(Entries provided Opens)

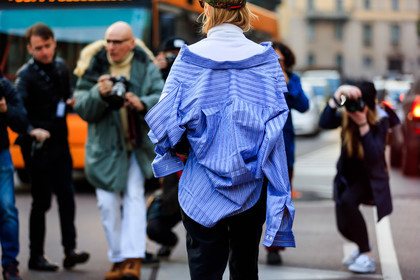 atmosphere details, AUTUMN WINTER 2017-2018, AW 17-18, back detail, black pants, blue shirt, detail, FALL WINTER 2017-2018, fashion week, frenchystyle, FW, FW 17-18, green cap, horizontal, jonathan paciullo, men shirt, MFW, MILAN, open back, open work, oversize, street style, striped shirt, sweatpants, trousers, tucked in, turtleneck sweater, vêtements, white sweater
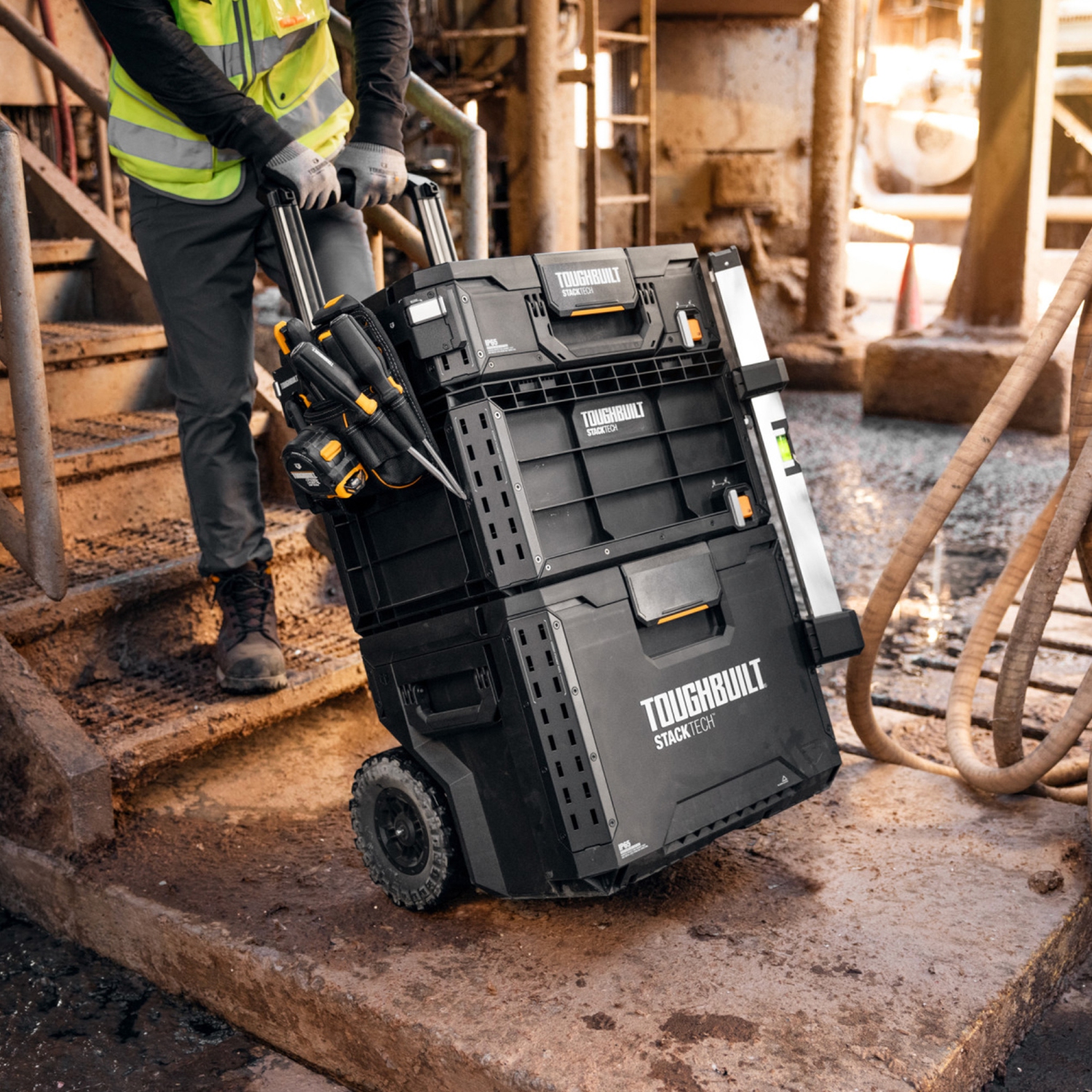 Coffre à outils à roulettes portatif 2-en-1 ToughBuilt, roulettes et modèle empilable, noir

(Entries provided Closes)
(Entries provided Opens)

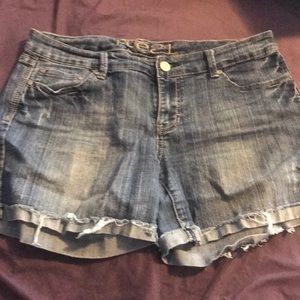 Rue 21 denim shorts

(Entries provided Closes)

▶ What to produce
Only one part of the listing is wanted: the lines from the one containing "atmosphere details, AUTUMN" through the one containing "Coffre à outils", both included. Please transcribe it exactly, leaving out the pictures.

▶ Expected output
 atmosphere details, AUTUMN WINTER 2017-2018, AW 17-18, back detail, black pants, blue shirt, detail, FALL WINTER 2017-2018, fashion week, frenchystyle, FW, FW 17-18, green cap, horizontal, jonathan paciullo, men shirt, MFW, MILAN, open back, open work, oversize, street style, striped shirt, sweatpants, trousers, tucked in, turtleneck sweater, vêtements, white sweater
 Coffre à outils à roulettes portatif 2-en-1 ToughBuilt, roulettes et modèle empilable, noir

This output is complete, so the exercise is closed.